Friday, May 04, 2007

May 4, 1820:

Julia Tyler's Birthday

At 24, Julia Gardiner of the prominent Long Island Gardiner family became the second wife of President John Tyler, who had been widowed in office. He thus became the first sitting president to marry, though not, as Grover Cleveland later did, with the ceremonies in the White House. Rather, the Tylers married at the Church of the Ascension in New York City in a ceremony presided over by the Right Reverend Benjamin Treadwell Onderdonk, fourth Episcopal Bishop of New York.

John Tyler was also the most fecund of presidents. By his first wife, Letitia, he had had eight children; by Julia, seven, the last of whom -- Pearl Tyler -- was born in 1860 just before her father died, and who lived until 1947. A few of John and Julia's grandchildren seem to have survived into the 1980s. has this to say about Julia Tyler, who made a surprisingly durable contribution to the ceremonies surrounding the presidency in the form of advocating the use of "Hail to the Chief."

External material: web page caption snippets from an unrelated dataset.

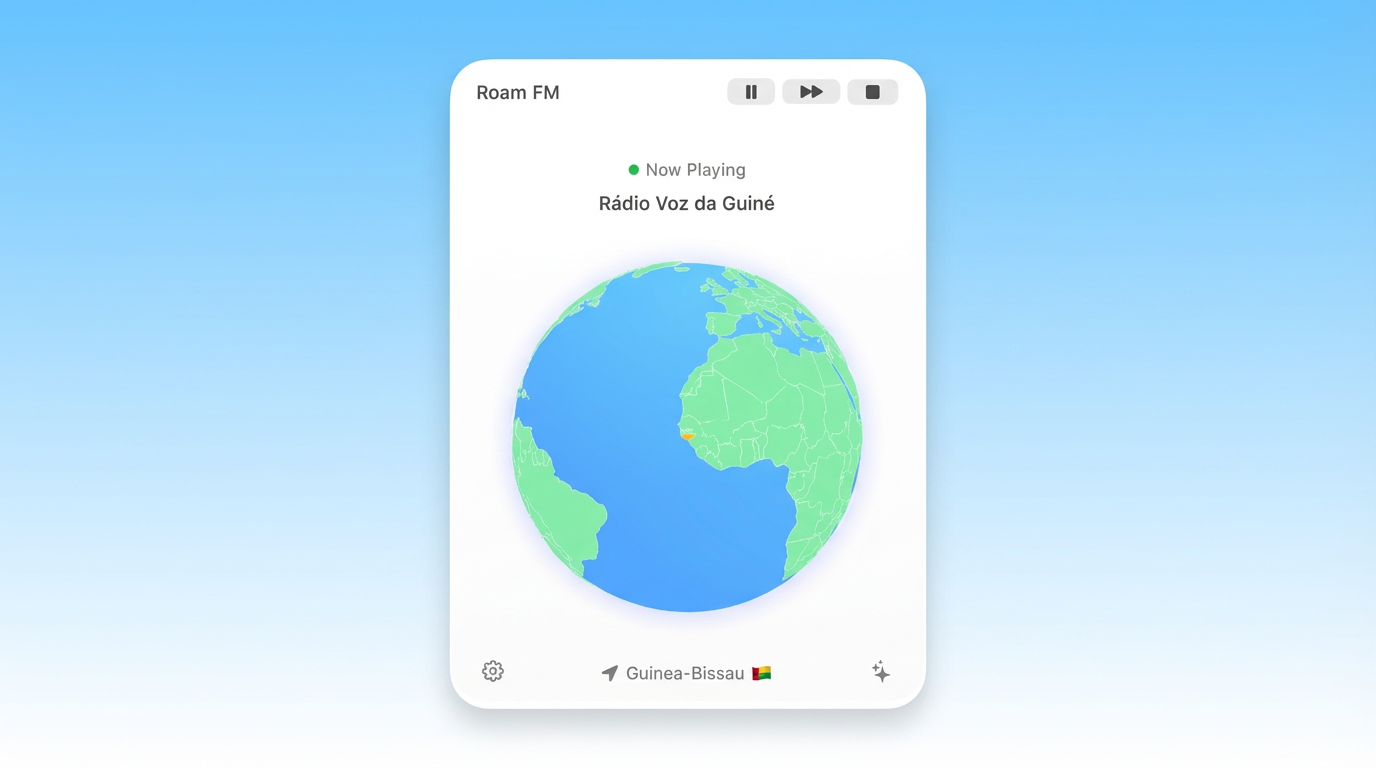 Roam FM 界面截图,显示 3D 地球和电台信息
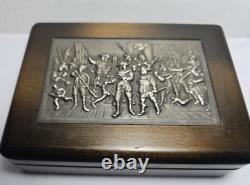 Vintage Night Watch repousse Silver Metal Cigarette/Trinket Wooden Box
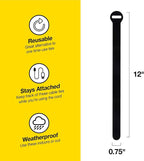 Self-Gripping Cable Ties by Wrap-It Storage, 12 Inch Straps – Reusable Hook and - Image 7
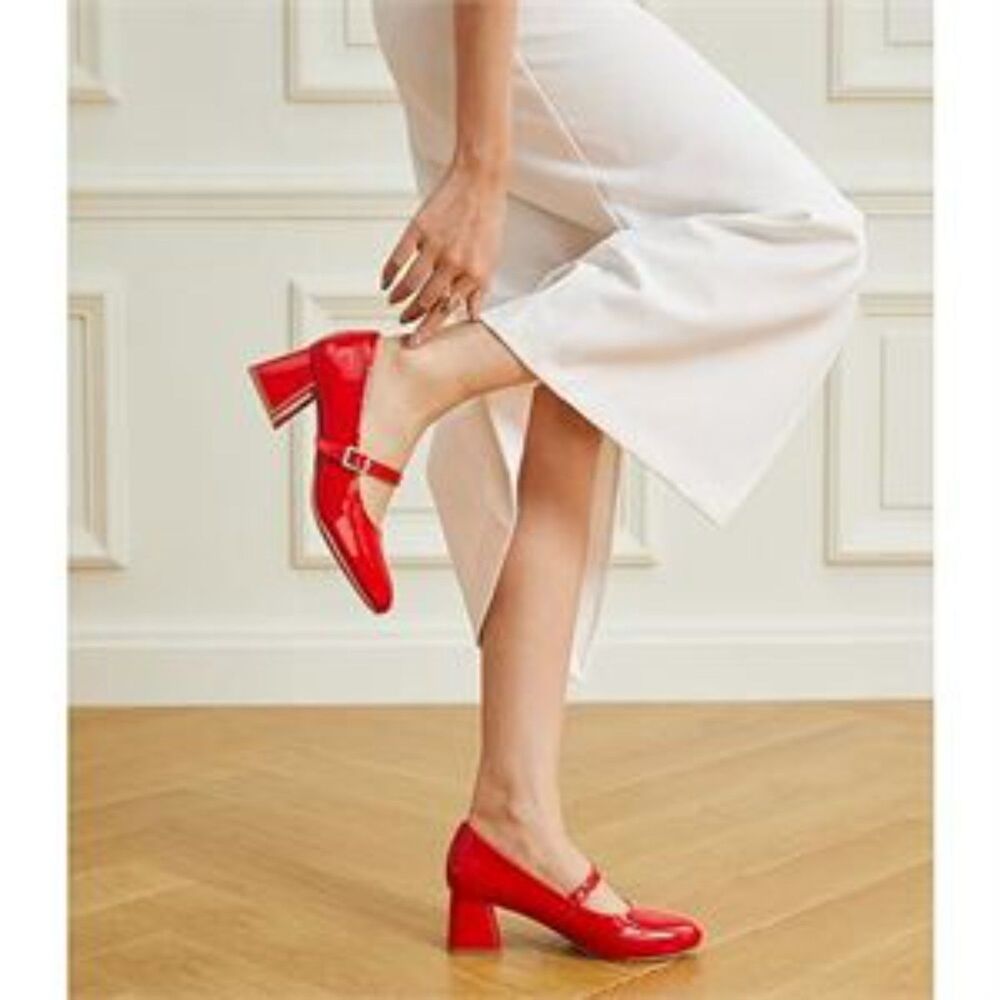 Mary Jane Cherry Red, Vegan Patent leather Chunky Heels Round Toe Pumps Shoes 8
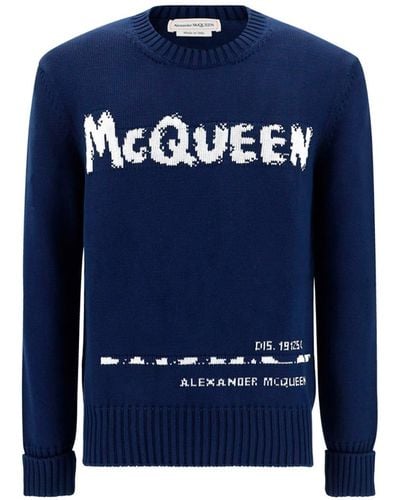 Alexander McQueen Logo Jumper - Blue
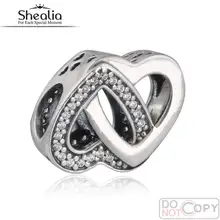 925-Sterling-Silver Clear CZ entrelazados encantos del corazón del amor 2016 día de la madre regalos enclavamiento Hearts Bead para la joyería que hace DIY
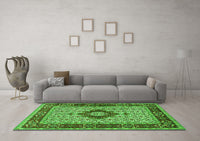 Machine Washable Persian Green Traditional Rug, wshtr1591grn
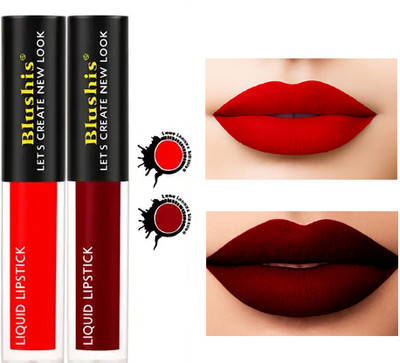 BLUSHIS Non Transfer Professionally Longlasting Liquid Lipstick Combo Set Of 2 pc(red, maroon, 7 ml)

"After the sadness of Letitia Tyler’s long illness and death, and the political turmoil of the Tyler administration, Julia Gardiner’s bursting on the Washington scene was both dramatic and colorful. She had youth, beauty, wit, charm and an obvious enjoyment of that she did, which disarmed the would-be critics. Unlike the hapless Mary Lincoln, Julia Tyler’s sometimes bumbling attempts at treading the political waters caused little comment. Her nepotism, however, was another matter. Her 'royalty touches' were ill-advised, but not motivated by malice or a real sense of snobbery... [and] her attempts to add to the dignity of the office were more lasting. Especially notable was her introduction of use of 'Hail to the Chief' to signal the entrance of the President. Her later years were filled with ups and downs, but her loyalty to John Tyler and all he stood for, never faltered or wavered."


Anonymous said...

Lion Gardiner, Julia Gardiner's ancestor, was one of the first English colonists in New York. He settled on what became Gardiner's Island, off the northwestern end of Long Island, in 1639. He bought the island from the indians and Charles I granted it to him as well as a proprietary colony, with Gardiner entitled to style himself Lord of the Manor. Gardiner's Island still belongs to one of the family after three and a half centuries.

Anonymous said...

Erratum: Second sentence of the previous comment, that should be "northeastern" or possibly "eastern" and not "northwestern."

Anonymous said...

Here's some real presidential trivia for you. According to the genealogy of John Tyler on the Website maintained by Sherwood Forest, President Tyler's home, his fifth child by Julia Gardiner, Lyon Gardiner Tyler, fathered a daughter, the second of six children, called Elizabeth Gilmer Tyler (1885-1976) who married "Captain Alfred Hart Miles." Capt. Miles, in turn, while a cadet at Annapolis early in the 20th Century, helped to compose "Anchors Aweigh."